**EXERCISE INPUT:**
=== Section Start ===

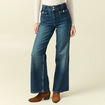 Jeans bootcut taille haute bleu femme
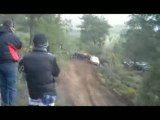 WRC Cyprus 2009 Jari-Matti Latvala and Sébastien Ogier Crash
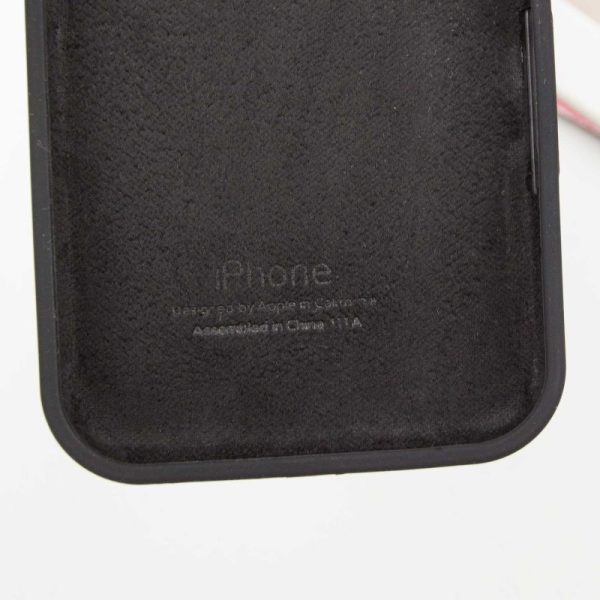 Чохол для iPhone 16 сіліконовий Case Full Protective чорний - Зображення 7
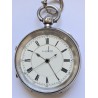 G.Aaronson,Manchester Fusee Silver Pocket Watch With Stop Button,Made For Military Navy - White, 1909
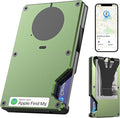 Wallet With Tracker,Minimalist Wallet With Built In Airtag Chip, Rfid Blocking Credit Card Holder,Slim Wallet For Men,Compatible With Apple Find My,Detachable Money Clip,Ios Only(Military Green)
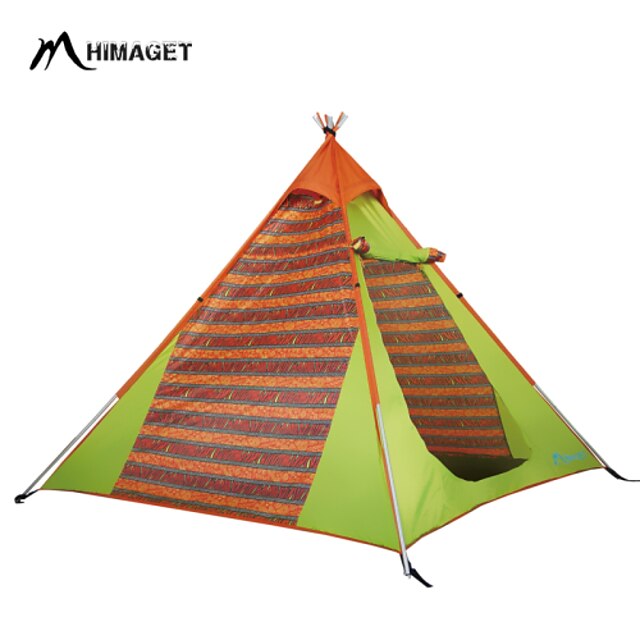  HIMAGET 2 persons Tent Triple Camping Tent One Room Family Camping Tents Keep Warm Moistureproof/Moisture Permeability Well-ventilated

=== Section End ===
=== Section Start ===

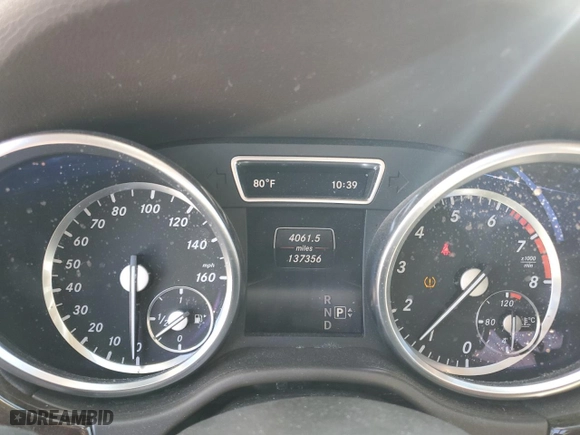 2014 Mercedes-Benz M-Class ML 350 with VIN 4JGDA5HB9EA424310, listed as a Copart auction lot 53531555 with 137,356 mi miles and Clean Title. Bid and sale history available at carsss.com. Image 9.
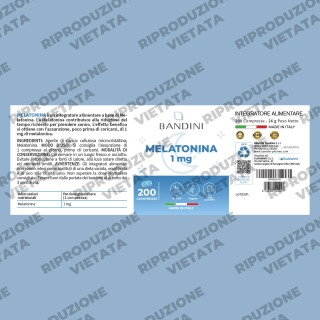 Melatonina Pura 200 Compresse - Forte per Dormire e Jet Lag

=== Section End ===
=== Section Start ===

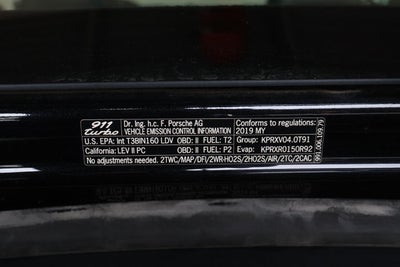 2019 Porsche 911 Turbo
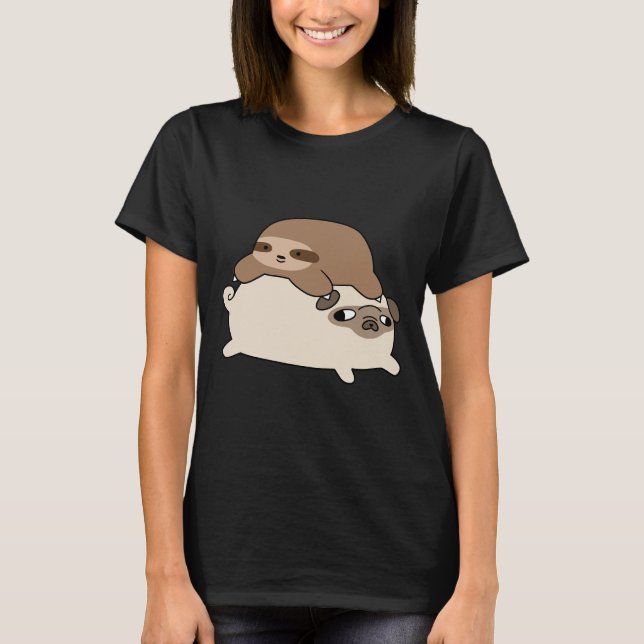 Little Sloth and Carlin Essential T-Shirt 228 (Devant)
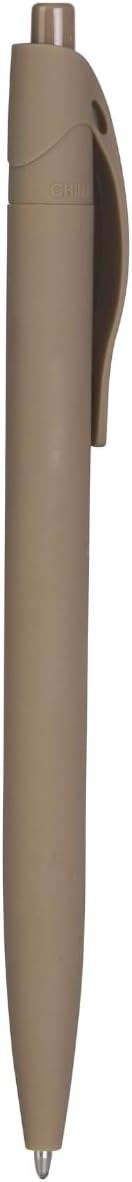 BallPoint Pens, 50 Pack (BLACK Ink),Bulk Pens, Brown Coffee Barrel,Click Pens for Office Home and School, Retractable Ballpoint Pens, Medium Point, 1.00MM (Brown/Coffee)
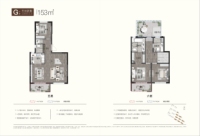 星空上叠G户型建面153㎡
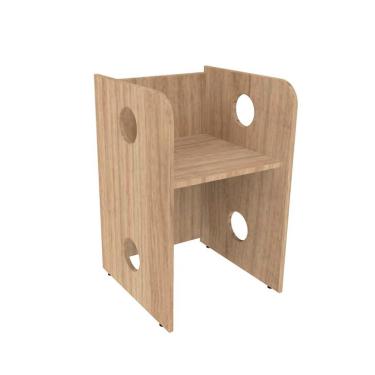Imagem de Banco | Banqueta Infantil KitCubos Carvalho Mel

=== Section End ===

**TASK PROMPT:** Reproduce word for word, with pictures dropped, only the part of the material above that opens with the line containing "星空上叠G户型建面153㎡" and closes with the line containing "Imagem de Banco".

**RESPONSE FOR THIS EXERCISE:**
 星空上叠G户型建面153㎡
Imagem de Banco | Banqueta Infantil KitCubos Carvalho Mel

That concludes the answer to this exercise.